* **What you have to do**
Each line from the first entry to the line with "how to get rid", both included, is to be returned unchanged, with any pictures dropped.

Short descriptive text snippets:
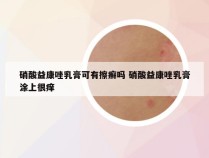 硝酸益康唑乳膏可有擦癣吗 硝酸益康唑乳膏涂上很痒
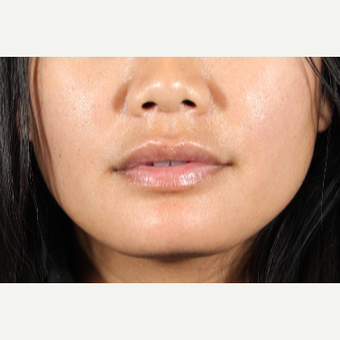 25-34 year old woman treated with Lip Augmentation after 3850948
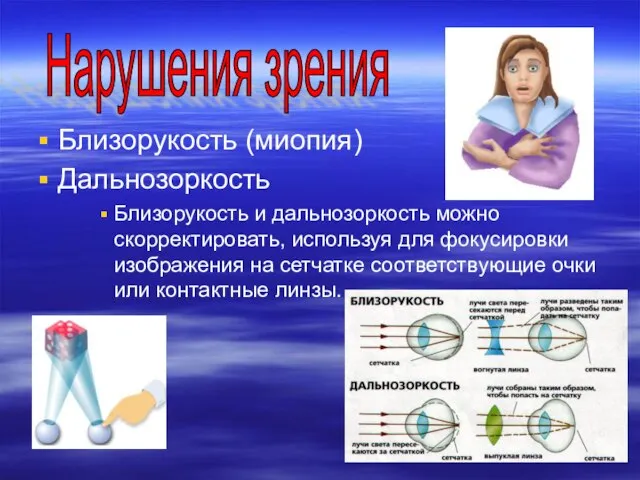 Близорукость (миопия) Дальнозоркость Близорукость и дальнозоркость можно скорректировать, используя для фокусировки изображения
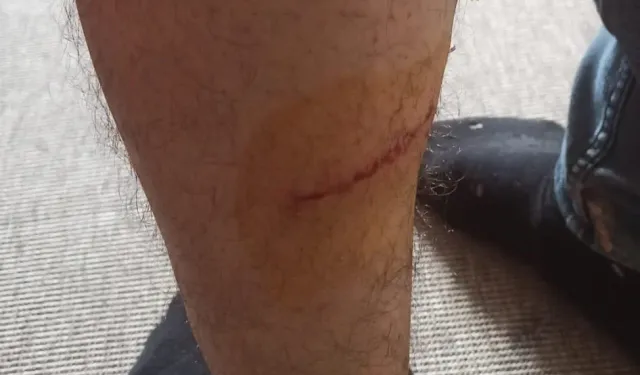 Hatay'da Kuduz Paniği: Vatandaş Köpek Saldırısına Uğradı!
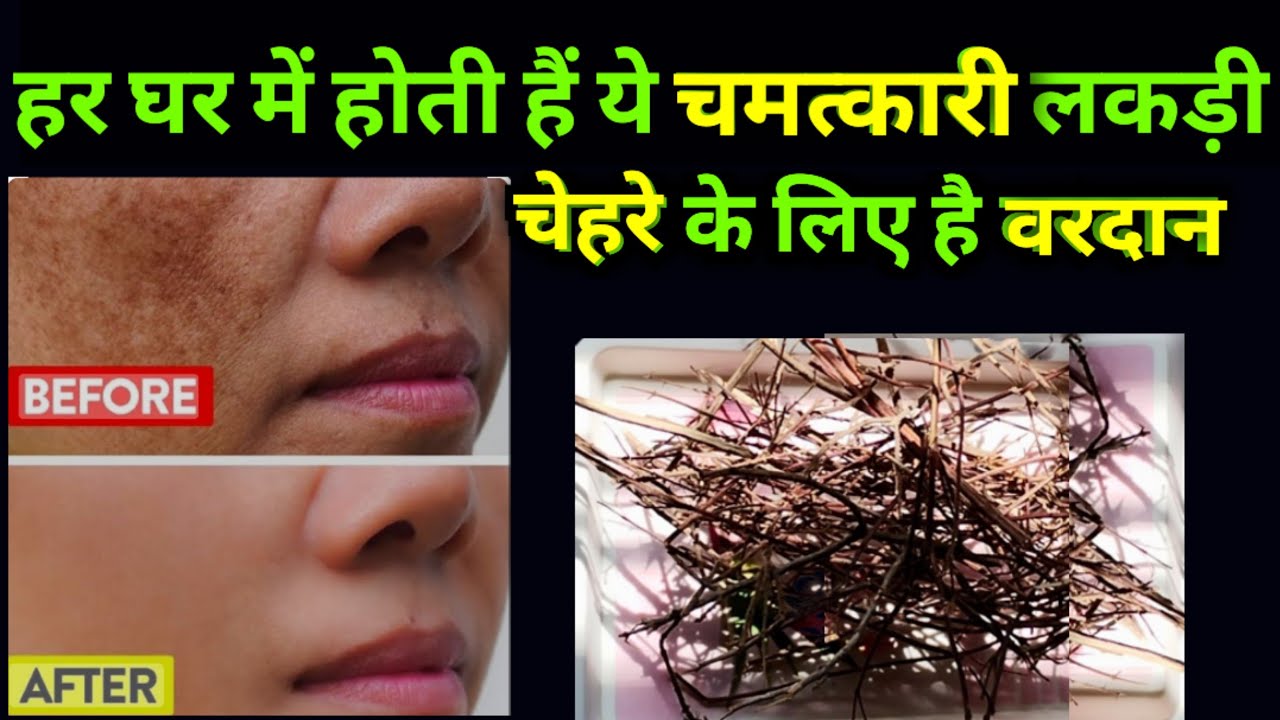 how to get rid of hyperpigmentation : तुलसी की सूखी लकड़ी से facial किया और ये क्या हो गया !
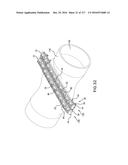 SURGICAL IMPLANT AND METHOD AND INSTRUMENT FOR INSTALLING THE SAME diagram and image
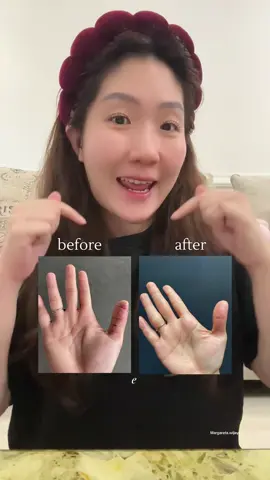 Kulit sensitive cobain produk ini #wundplus #wund #margaretawijaya #gwswellness #fyp 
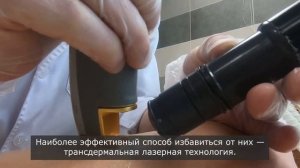 Лечение сосудистых звездочек лазером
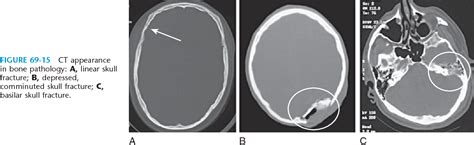 Figure 69 1 From How To Read A Head CT Scan Semantic Scholar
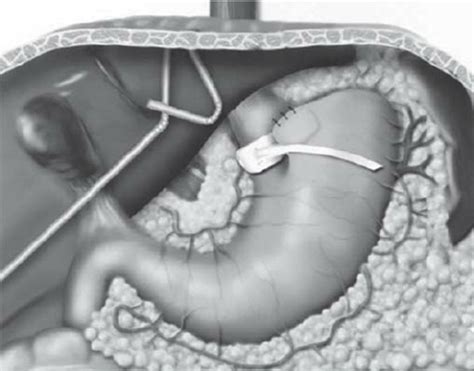 Vertical-banded gastroplasty | Download Scientific Diagram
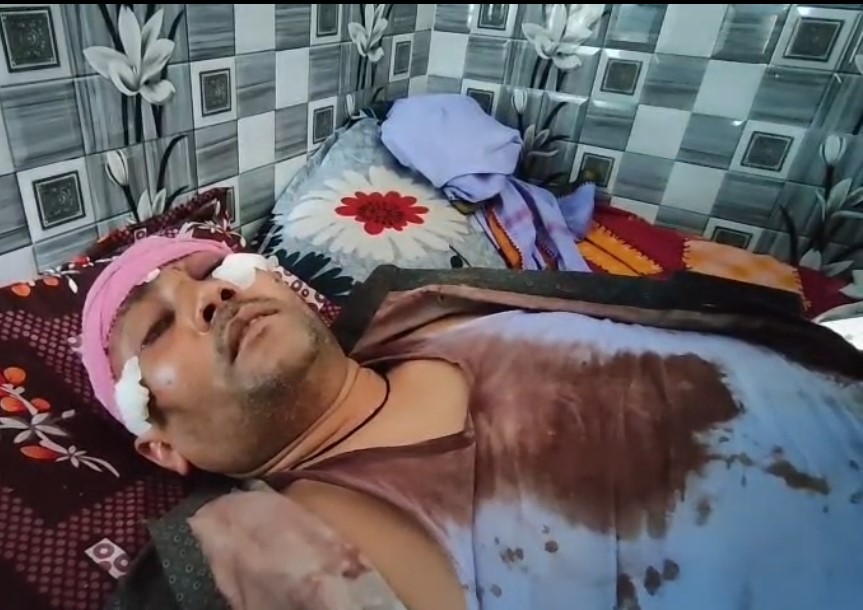 बाइक सवार बदमाशों ने केला प्लांट मालिक पर हमला कर नगदी व जेवरात लूटे, हालत गंभीर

* **Response to this exercise**
 硝酸益康唑乳膏可有擦癣吗 硝酸益康唑乳膏涂上很痒
 25-34 year old woman treated with Lip Augmentation after 3850948
 Близорукость (миопия) Дальнозоркость Близорукость и дальнозоркость можно скорректировать, используя для фокусировки изображения
 Hatay'da Kuduz Paniği: Vatandaş Köpek Saldırısına Uğradı!
 how to get rid of hyperpigmentation : तुलसी की सूखी लकड़ी से facial किया और ये क्या हो गया !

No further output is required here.